I was a part of the group that presented Ruby. It was my first public speech in many years. My previous presentation—the defense of the diploma—was a big failure. I’m glad that this time I’ve learned some lessons and wasn’t so bad. :)
So, why is Ruby a brilliantly designed language?
With hindsight, it is obvious that I picked up a very hard topic. Squeezing my experience into a 15-minute speech was really tricky. While preparing for the session, I reinforced my belief that Ruby is the best designed programming language I’ve ever used. However, when it was just one day left before the meetup, I realized that I could bring in only the most essential arguments to prove that.
    1. My first pro-Ruby argument was that, from the moment the language was created, there were no missing features to add and no design bugs to fix.

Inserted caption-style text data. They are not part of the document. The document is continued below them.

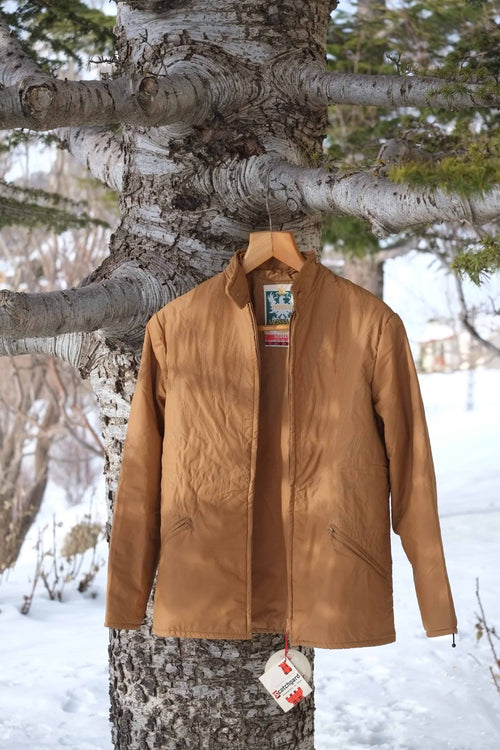 A vintage MOSSANT 70s camel brown quilted ski jacket hanging on a wooden hanger against a snowy outdoor background.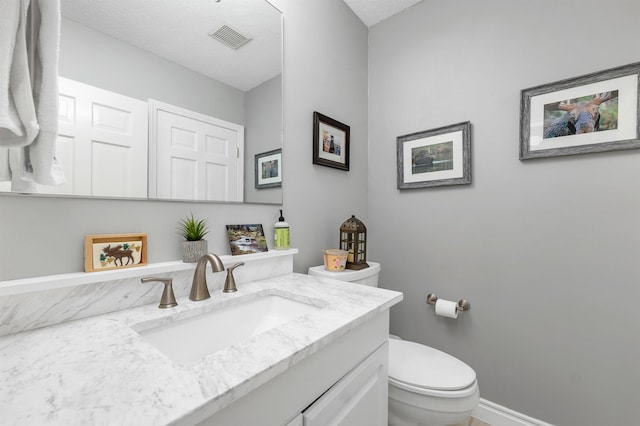 51 Cardinal Dr Unit B, Laconia, NH 03246 - bathroom featuring toilet, vanity, and baseboards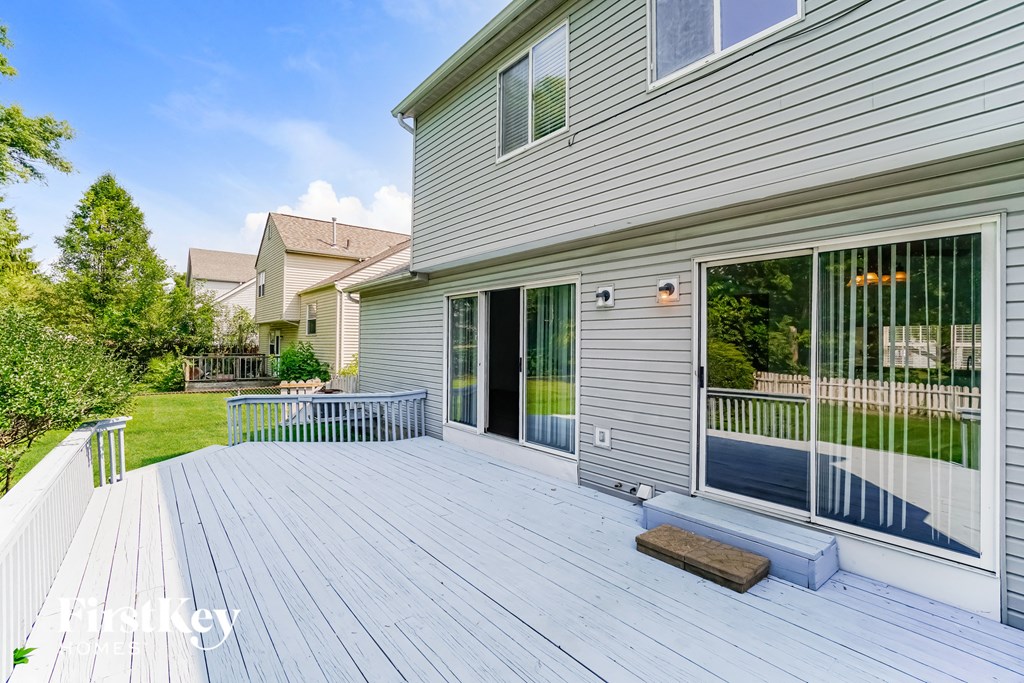 a white deck in front of a gray house with sliding glass doors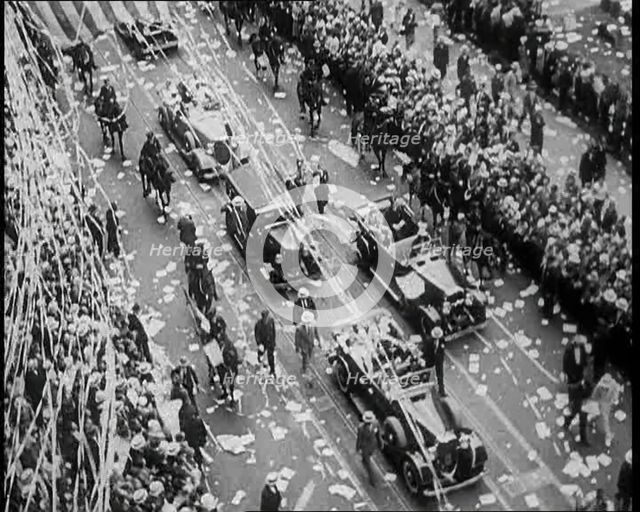 Cars Driving Down in a Parade Watched by Crowds, 1933. Creator: British Pathe Ltd.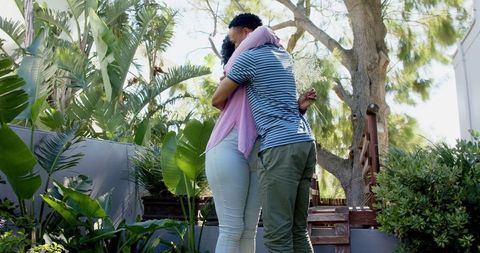 Romantic Engagement Proposal Outdoors Amidst Lush Greenery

With over 10 years of its history, Ruby remained—mostly—stable with only minor syntactic features added/tweaked.
    2. Second, Ruby represents all powerful object-oriented programming (OOP) features, which it adopted from Smalltalk. It is a “pure” OOP language, where everything is an object. The pureness, open classes, method_missing, and other OOP features provide for a huge semantic power. Surprisingly, nothing game-changing was introduced to the programming language design over the last 30 years.
    3. After that, I talked about what powerful features Ruby adds on top of the traditional form of OOP. For instance, mix-ins, a powerful alternative to multiple inheritance is a great invention. During the presentation, I demonstrated how it makes functional programming even more natural than in LISP. Another remarkable Ruby feature worth mentioning was the ability to extend individual objects. It really makes defining “static” methods natural and can be useful in some other cases.
    4. I concluded with touching upon Ruby’s concise syntax. As a part of this argument, I demonstrated Ruby’s syntactical killer-feature – blocks.
Revealed pros and cons
There were some other nice discussions during and in between the speeches. For example, the Python group argued that its language is more widely used. However, I noted that one could resort to such argument only because of the lack of other worthy pro-language arguments.
Another controversial point was that Python is good for education and is adopted by Massachusetts Institute of Technology as the primary programming language for students. I objected that Python is not the best language to start with. I think it is wiser to begin developing your programming skills with a pure OOP language, such as Ruby, because it can build a better solid ground for object-oriented design and way of thinking.
The Ruby group was also presented by Aliaksandr Rahalevich, Altoros alumni, who spoke about how Ruby allows him to design great APIs, and Hleb Stiblo, who presented an “Introduction to Ruby.” At the end, my university classmate Pavel Gabriel called upon pro-Python and pro-Ruby folks to summarize their arguments and language trivia.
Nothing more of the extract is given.